By Ted Hesson
WASHINGTON (Reuters) -The U.S. will grant temporary deportation relief and access to work permits to nearly half a million Venezuelans already in the country, U.S. officials said on Wednesday, a move that follows calls by Democrats to help newly arrived migrants work legally.
About 472,000 Venezuelans in the U.S. on or before July 31 now will be eligible for Temporary Protected Status (TPS) for a period of 18 months. Some 243,000 Venezuelans already have the status stemming from a 2021 designation that was renewed last year.
President Joe Biden, a Democrat seeking reelection in 2024, has faced record illegal border crossings, fueled by a sharp rise in recent years of migrants fleeing economic and political turmoil in Venezuela.

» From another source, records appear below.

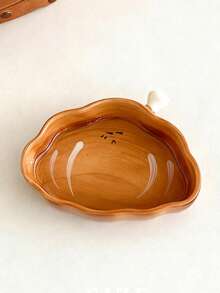 Bộ 1/4 đĩa hình bánh mì dễ thương, đường kính 10cm, dùng đựng salad/tương cà/nước chấm, thích hợp cho bữa sáng, bữa trưa, bữa tối, nhà bếp và trang trí nhà cửa. - Nhiều màu - Xem 8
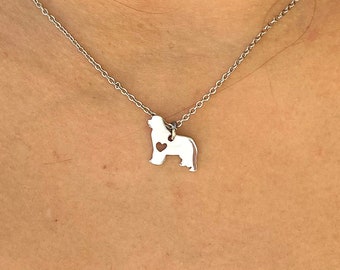 Newfoundland Necklace • dog breeds • puppies • pet lovers • necklaces for women, • unique jewelry • wedding gift • dog rescue • pets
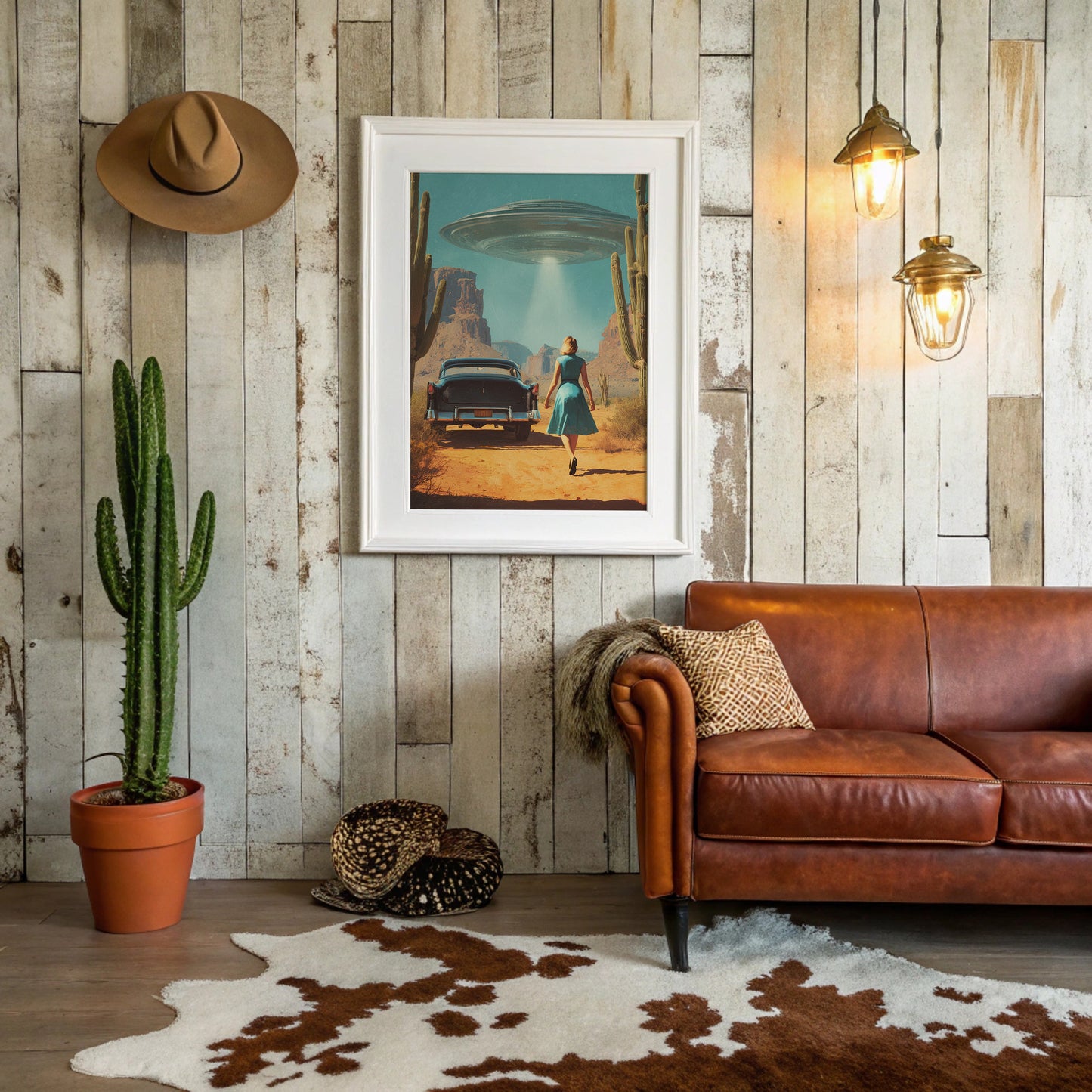 Desert Roads Meet Alien Skies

Fellow Democrats, most prominently New York City Mayor Eric Adams, have called on Biden to expand work access for newly arrived migrants who have strained local and state resources.
The U.S. Department of Homeland Security (DHS) said the expansion of protected status for Venezuelans was warranted due to “Venezuela’s increased instability and lack of safety.”

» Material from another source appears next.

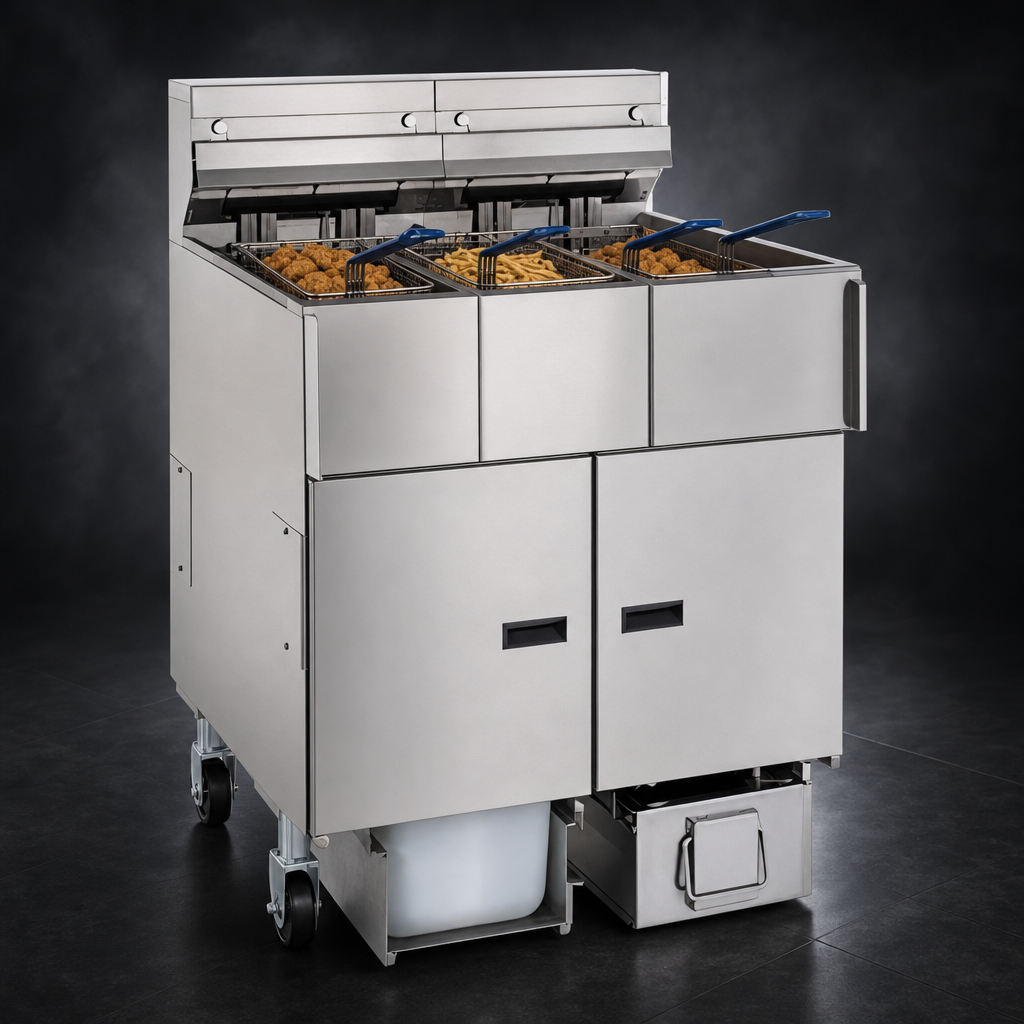 Three Fryer Configuration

Frosty diplomatic relations between the U.S. and Venezuela make it difficult for the U.S. to deport Venezuelans to their home country. But a U.S. agreement with Mexico has allowed thousands of non-Mexicans – including Venezuelans – to be deported to Mexico in recent months.
Venezuela’s foreign ministry did not immediately respond to a request for comment.
The number of migrants crossing the U.S.-Mexico border illegally dropped in May after the Biden administration rolled out stricter asylum rules, but crossings have rebounded in recent months.
To help free up Border Patrol agents, the Pentagon will send 800 additional active-duty troops to the border on top of 2,500 National Guard troops already deployed, the White House said.
In addition, the Biden administration will expand nationwide a program launched in May to rapidly process migrant families seeking asylum and potentially deport them.
DHS said it would increase the time that work permits are valid for certain immigrants, including asylum-seekers, to five years, to allow the government to focus on processing new applications.